Wednesday, January 11, 2012

Evernote - it just works



I'm always on the lookout for the ideal productivity app, the one that I can use for everything, the one that deserves to reside on the homepage of my iPad. I've tried dozens of them. I've also purchased lots of note-taking apps, but haven't found one that really felt completely comfortable.

I seem to always come back to Evernote.

There are fancier, more elegant apps out there--Evernote is kind of utilitarian--there are apps where you can choose from several different kinds of paper, or even make your own. There are apps where I can create a lot of different "notebooks," and choose pretty covers for them. For awhile, I liked the note-taking apps where you write on the screen with a stylus, and those are fun to play with, and nice for temporary notes, but for keeping well organized notes, I always come back to Evernote.

The main reason why I'm sticking with Evernote is the ability to sync seamlessly between iPad, iPhone, desktop/laptop, and web. I can use the full-size keyboard at my desk and type effortlessly, instead of hunting and pecking on the iPad keyboard, type a note, and then immediately open up Evernote on the iPad, and the note is there. I can edit notes on the iPad, and the edits show up on the desktop version or web versions.

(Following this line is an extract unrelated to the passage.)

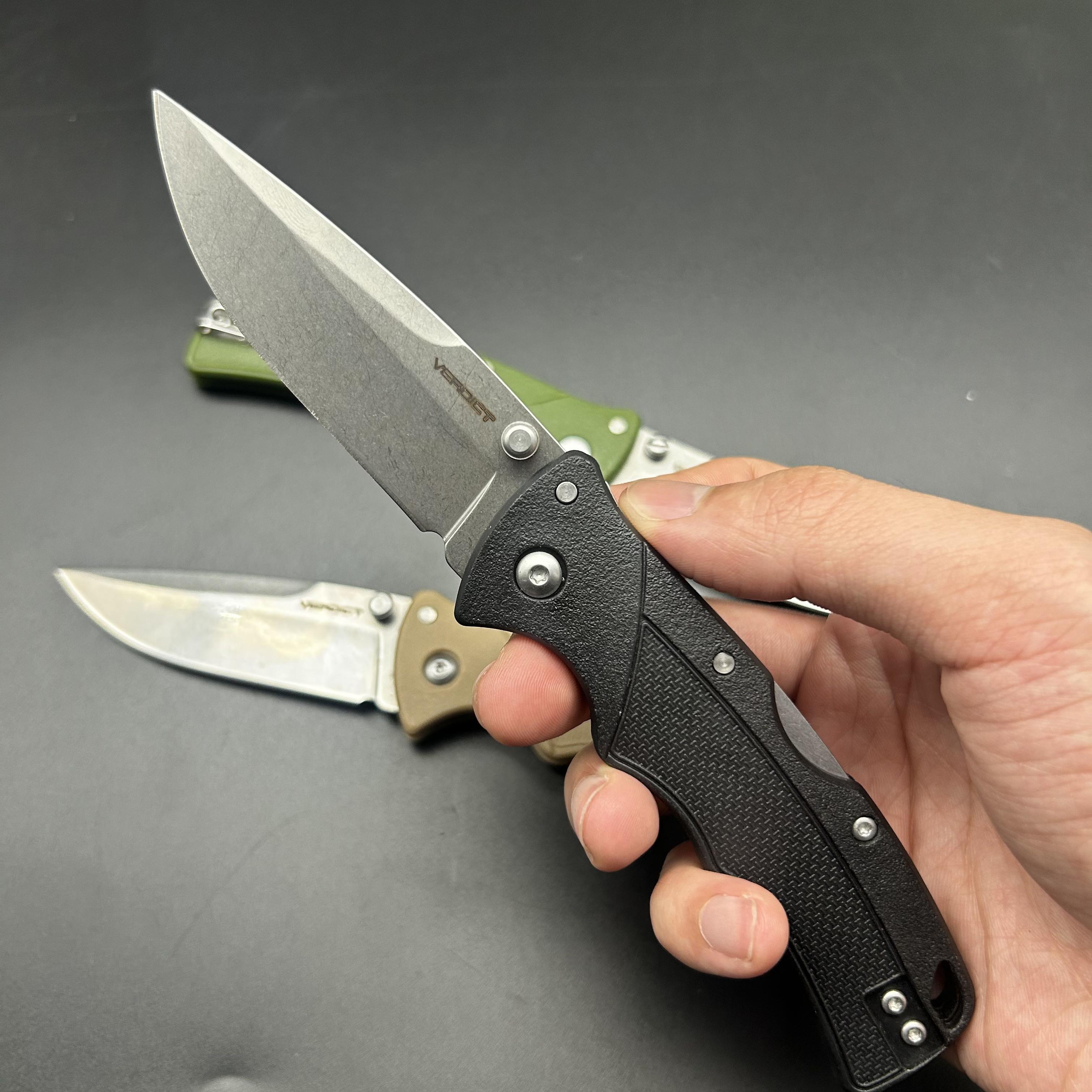 KS4116 EDC Sharp Folding Knives Multifunctional folding knife Glass Breaker, Seat Belt Cutter - Small Tool for Camping Hiking - Gifts for Men, Women Compact Folding Grip Knife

I'm all about things that I don't have to think about, things that "just work." Evernote just works. It's not perfect--for one thing, I wish that you could have folders and sub-folders, so that I could have a "work" folder and a "home" folder, and be able to sort things within those folders, rather than having them all mixed up in separate notebooks. Any topic becomes it's own notebook. You can sort using tags, of course, but that has never seemed to be logical to me.

No, it's not perfect, but it's the best thing that I've found for keeping track of virtually everything--travel itineraries, software manuals, knitting patterns, lists of books that I want to read, meeting notes, photographs of white boards. When you open your Evernote account, you can set up an email address that goes directly into Evernote, so if you have something that you want to be sure to keep a copy of, but you're not near your computer or don't want to be bothered at the moment, you just email it to Evernote. There are also a lot of apps that allow you to export into Evernote; like Dropbox, it's become one of those ubiquitous apps that everyone has.

The one other thing that it doesn't do is allow you to hand-write a note, or mark up a note, but there are other apps that do that, and you can just export them to Evernote to keep a copy. You can save photographs, PDFs, web clippings, and text notes; if you need to save really large files, or need to work with files when you don't have an internet connection, you may want to upgrade to a premium account.

The free account allows you to upload very generous 60MB per month. If you need more than that--maybe you upload a lot of PDFs or large photographs--a Premium membership is $5/month, and allows you to upload 1GB/month.